Hence, \(1/p+1/q=1\). Then, we denote by \(q_{s}\) the H\(\ddot{\text {o}}\)lder conjugate of the critical Sobolev exponent \(p_{s}=(N+2)/(N-2)\), i.e.,

$$\begin{aligned} q_{s}=\frac{N+2}{4}. \end{aligned}$$

We note that the supercritical case \(p>p_{s}\) corresponds to the case \(q<q_{s}\). In this setting, we consider solutions of the ordinary differential equation to (1.3). We denote by \(\{u(r,\alpha )\}_{\alpha >0}\) the family of radial regular solutions of (1.1), i.e., \(u(r,\alpha )\) is the solution of (1.3) satisfying \(u(0)=\alpha \) and \(u'(0)=0\).

Then, we shall obtain the following main theorem:

Theorem 1.1

Let \(\psi \) satisfy \((H_{1})\), and \(N\ge 3\). Assume that \((f_{1})-(f_{2})\) with \(q\in [1,q_{s})\) hold. Then, there exists a unique singular solution \(u^{*}(r)\) of (1.3) for \(0<r\le r_{0}\) with some \(r_{0}\in (0,R]\), and the regular solution \(u(r,\alpha )\) satisfies

$$\begin{aligned} u(r,\alpha )\rightarrow u^{*}(r)\quad \text {in}\quad C^{2}_{\text {loc}}(0,r_{0}]\quad \text {as}\quad \alpha \rightarrow \infty . \end{aligned}$$
(1.6)

Furthermore, the singular solution \(u^{*}\) satisfies

$$\begin{aligned} u^{*}(r)=F^{-1}\left[ \frac{\psi (r)^{2}}{2N-4q}(1+o(1))\right] \quad \text {as}\quad r\rightarrow 0. \end{aligned}$$
(1.7)

In [10], they posed an open problem on the existence and the asymptotic behavior of singular solutions to (1.1) with \(f(u)=u^{p}(p>1)\). When \(p>p_{s}\), Theorem 1.1 gives an affirmative answer to that problem. Moreover, [24] showed the existence and the asymptotic behavior of singular solutions to (1.3) with \(f(u)=u^{p}\), \(p\ge p_{JL}\) and \(N\ge 11\).
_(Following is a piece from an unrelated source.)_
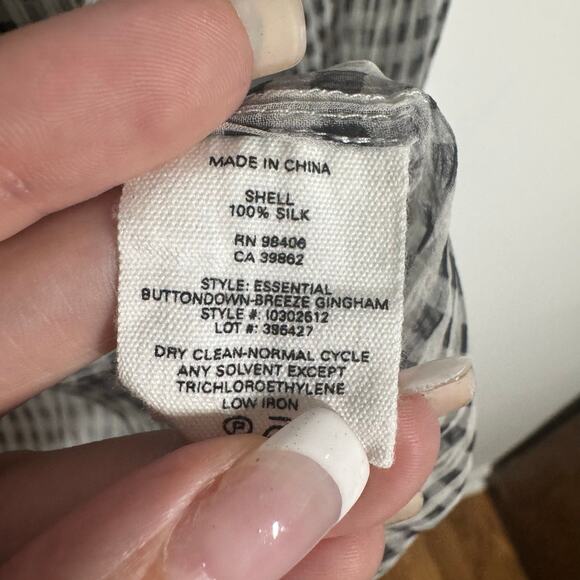 Theory Silk Gingham Button Down Blouse Women XL Black White Sheer Popover Career - Picture 6 of 8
Since \(p_{s}<p_{JL}\) for \(N\ge 11\), Theorem 1.1 extends the existence result to the case of \(p>p_{s}\) with \(N\ge 3\). Furthermore, when \(\psi (r)=\sin r\) and \(R<\pi \), in [27], the existence and asymptotic behavior of a singular solution to (1.3) for \(f(u)=u^{p}\) with \(p>p_{s}\) were proved. By Theorem 1.1, the uniqueness of the singular solution is also obtained.
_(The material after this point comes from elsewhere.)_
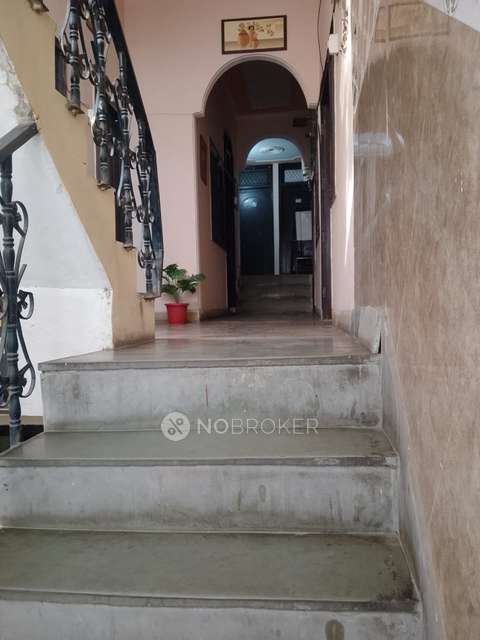 PG for Girls in Laxmi Nagar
In order to prove Theorem 1.1, we shall apply the methods in [36, 37]. In [36, 37], they changed the solution of (1.3) with \(\psi (r)=r\) into a function. Furthermore, applying Pohozaev’s identity and comparison arguments, they obtained some a priori estimates of solutions near \(r=0\) and showed the existence and properties of the singular solution. In this paper, we shall transform the solution to (1.3) under \((H_{1})\), construct modified Pohozaev type identity, and derive corresponding estimates of solutions.
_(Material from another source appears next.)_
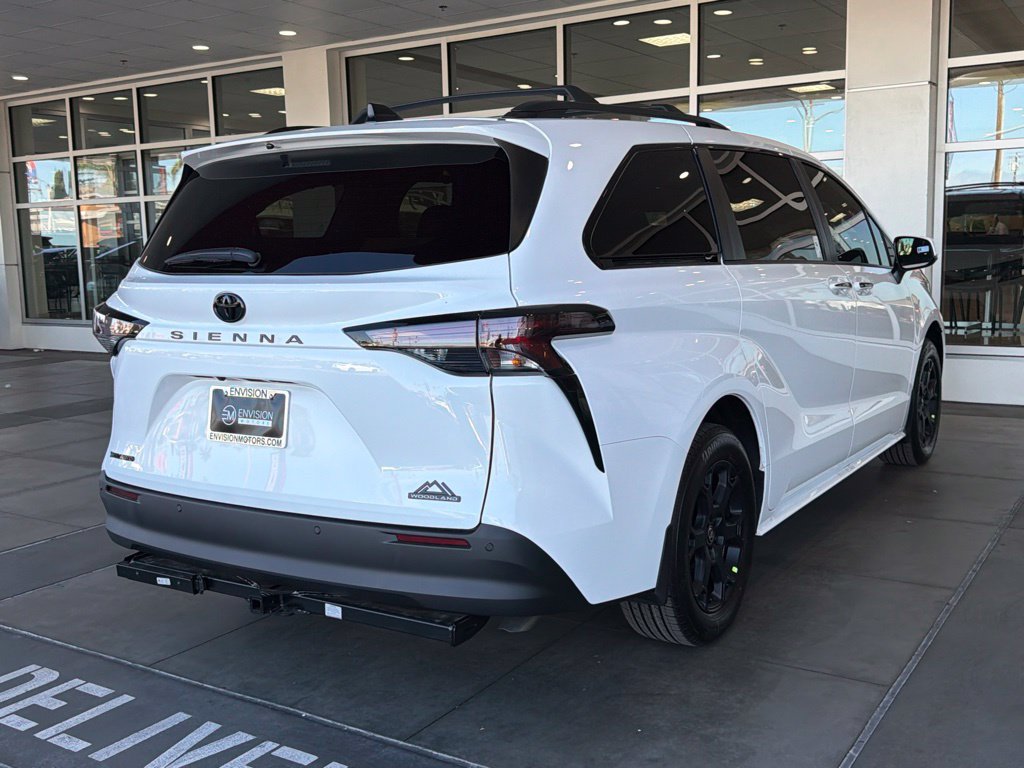 New 2026 Toyota Sienna XLE Woodland Edition AWD/4WD image 13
This paper is organized as follows. In Sect. 2, we prove some preliminary results. In Sect. 3, we study the asymptotic behavior of a function, which was transformed from the solution to (1.3). We devote Sect. 4 to showing the uniqueness of the singular solution. In Sect. 5, we shall obtain the estimate of solutions. Then, finally, in Sect. 6, we give the proof of Theorem 1.1.

2 Preliminaries

First, we introduce the following lemmas.

Lemma 2.1

(Lemma 2.1 in [37]) Let \((f_{1})-(f_{2})\) hold. Then, \(f'(u)\rightarrow \infty \) as \(u\rightarrow \infty \). Furthermore, the exponent q in (1.4) satisfies \(q\ge 1\) and q is also given by (1.5).

Lemma 2.2

(Lemma 2.4 in [37]) For any \(\delta >0\), there exists a constant \(C>0\) such that

$$\begin{aligned} f(u)\ge Cu^{\frac{q+\delta }{{q+\delta -1}}} \end{aligned}$$

for sufficiently large u.

In this paper, we assume that \((f_{1})-(f_{2})\) with \(q\in [1,q_{s})\) hold. Thus, from Lemma 2.1, we may assume that

$$\begin{aligned} f'(u)>0\quad \text {for}\quad u\ge u_{0}, \end{aligned}$$
(2.1)

by replacing \(u_{0}\) in \((f_{1})\).

From \((H_{1})\), there exists \(R_{0}\in (0,R)\) such that

$$\begin{aligned} \psi '(r)>0\quad \text {for}\quad r\in [0,R_{0}). \end{aligned}$$
(2.2)

Hence, \(\psi (r)\) is strictly increasing for \(r\in [0,R_{0})\). Then, for a solution u of (1.3), we shall define a function \(x=x(t)\) in \(t\in (T_{0},\infty )\) by

$$\begin{aligned} \frac{F(u(r))}{\psi (r)^{2}}=\frac{e^{-x(t)}}{2N-4q},\quad t=-\log \psi (r), \end{aligned}$$
(2.3)

where \(T_{0}=-\log \psi (R_{0})\). Since \(N>2\), we shall remark that \(2N-4q>0\) for \(q\in [1,q_{s})\). Concerning x, the following holds:

Lemma 2.3

Let u be a solution to (1.3), and define x(t) by (2.3) with \(q\in [1,q_{s})\). Then, for \(t\in (T_{0},\infty )\), x(t) satisfies

$$\begin{aligned} x''(t)&-ax'(t)+b(Pe^{x(t)}-1)+(q-1)(x'(t))^{2}+(f'(u)F(u)-q)(x'(t)+2)^{2}\nonumber \\&-Q(x'(t)+2)=0, \end{aligned}$$
(2.4)

where

$$\begin{aligned} a=N+2-4q>0,\quad b=2N-4q>0, \end{aligned}$$
(2.5)

and

$$\begin{aligned} P=P(t)=\frac{1}{(\psi '(r))^{2}},\quad Q=Q(t)=\frac{\psi (r)\psi ''(r)}{(\psi '(r))^{2}}. \end{aligned}$$

Furthermore, in the case \(q>1\), put \(z(t)=e^{(q-1)x(t)}\). Then, for \(t\in (T_{0},\infty )\), z(t) satisfies

$$\begin{aligned} \frac{F(u(r))}{\psi (r)^{2}}=\frac{z(t)^{-1/(q-1)}}{2N-4q}, \end{aligned}$$

and

$$\begin{aligned} z''&-az'+(q-1)b(Pz^{p}-z)+(q-1)(f'(u)F(u)-q)\left( \frac{z'}{(q-1)z}+2\right) ^{2}z\nonumber \\&-(q-1)Q\left( \frac{z'}{(q-1)z}+2\right) z=0, \end{aligned}$$
(2.6)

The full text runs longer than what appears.